Data excerpt:
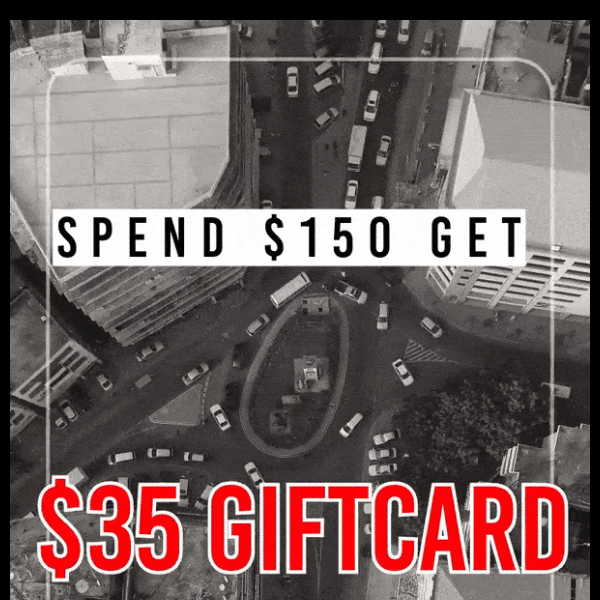NEW DROPS | SPEND $150 GET $35 GIFT CARD FOR FREE!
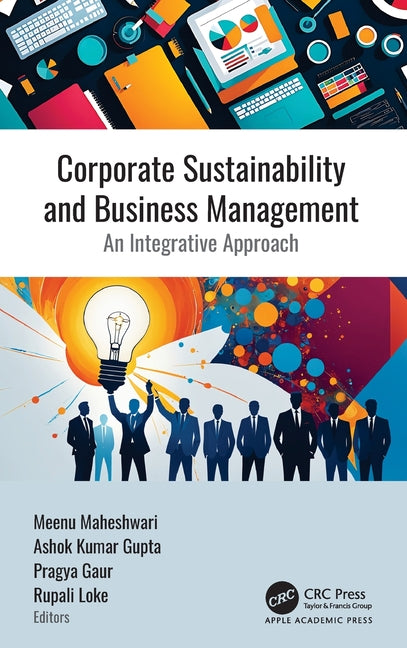 Corporate Sustainability and Business Management: An Integrative Approach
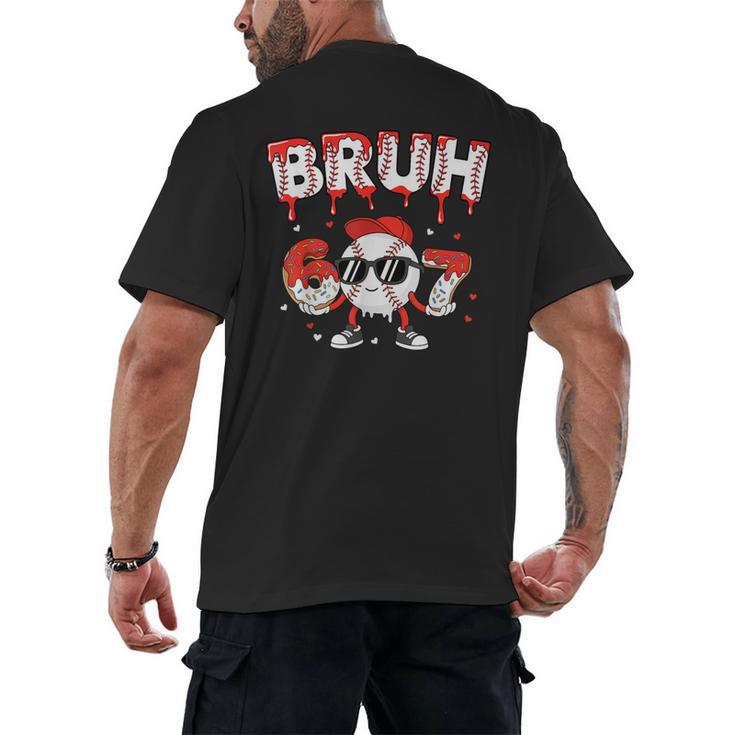 67 Bruh Valentines Baseball Boys Kids Six Seven 6 7 Men's Back Print T-Shirt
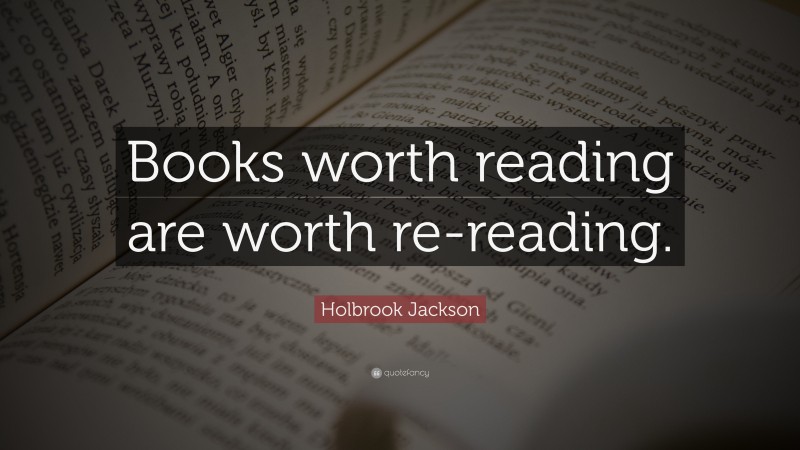 Holbrook Jackson Quote: “Books worth reading are worth re-reading.”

What is expected:
Each line from the one that holds "Corporate Sustainability and" through the end of the material should be repeated exactly, and nothing more. Leave out any picture.

Response:
 Corporate Sustainability and Business Management: An Integrative Approach
 67 Bruh Valentines Baseball Boys Kids Six Seven 6 7 Men's Back Print T-Shirt
 Holbrook Jackson Quote: “Books worth reading are worth re-reading.”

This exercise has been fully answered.